Oh, Hai there!
I haven’t written a single real post in ages. Not that there is nothing to write about, mind you… Just never both time and motivation. And yet at this stage, seven years in, I think I’m long past the 6 month expiration date that comes with first-time blogging fevers… Anyway: thought I’d do some writing here for a change… My draft for the Great 21st Century Novel will wait until tomorrow.

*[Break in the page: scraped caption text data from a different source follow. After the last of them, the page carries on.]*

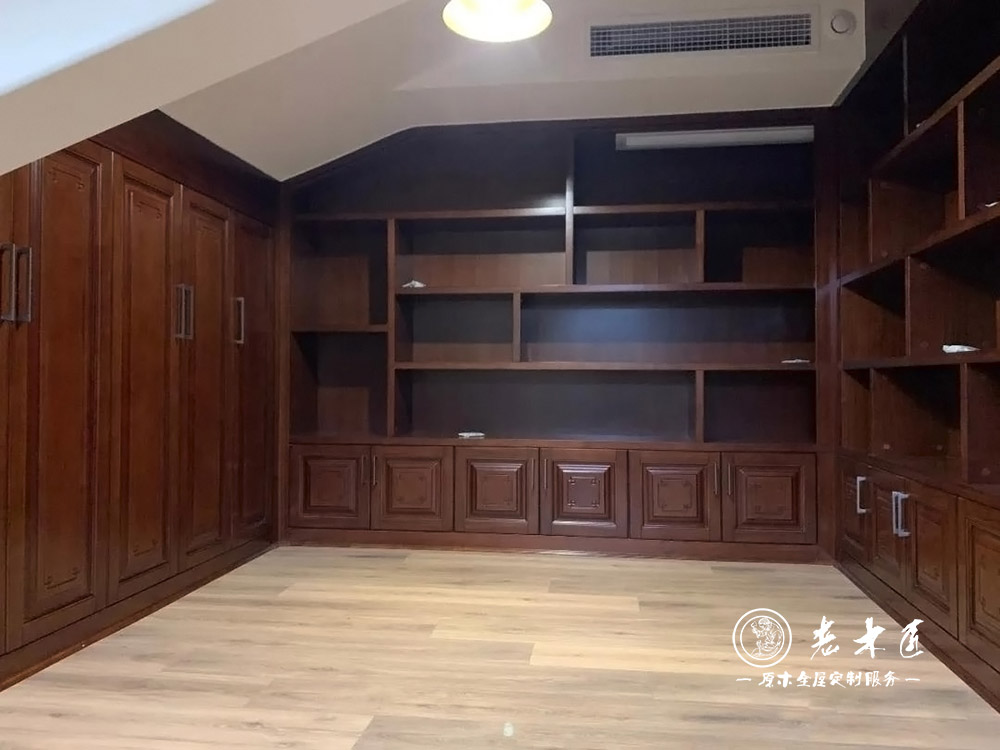 ����ʽԭľ�Ҿ�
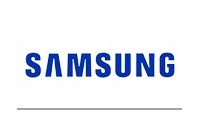 Aire Acondicionado Conductos Samsung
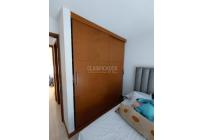 Apartamentos, Venta, Vipasa - $380.000.000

I want to say it is all in my head, but I am practically sure there is something fundamentally different from Kyoto about the air in Tokyo (no, not just the smog). Summer is obvious: unlike Kyoto, Tokyo’s got a seafront and doesn’t feel like you are being slowly steamed in a giant rice-cooker with wakame on top; late Autumn and Winter are a bit more subtle: both places are cold and often rainy, but Tokyo always has this much crisper night air, with a dash of excitement and a whiff of possibilities, on any given day, at any given hour.
More importantly: Tokyo is a city, hell a Metropolis. Not a museum town, not a collection of temples, not a giant university dorm: a city with all sorts of people with all sorts of jobs able to have all sorts of conversations. Nobody fucking gives a fuck about what university you are attending and most people are happy to lead discussions beyond those wacky differences between wacky foreign customs and wacky Japanese customs. Is it just because the only people over the age of 30 in Kyoto are married, with kids, and probably go out once a year? No offense to all of the 20 year-olds that populate Kyoto’s nightlife and social circles, but I’m pretty sure you would make even 20-year-old me feel old and overly mature. Living in a city of tourists, shut-in natives and post-adolescent one-year exchange students, you tend to forget what it even feels to have a deep meaningful conversations with friends.
Just kidding, Kyoto life is totally OK. I have met many awesome people here. Plus: it was specifically selected on its heavy potential for a studious anchoritic doctoral life… Can’t say I failed there.
That being said, and assuming there is any more of Japan in my post-phd future, rest assured it will be Eastern Capital over Old Capital in a heartbeat.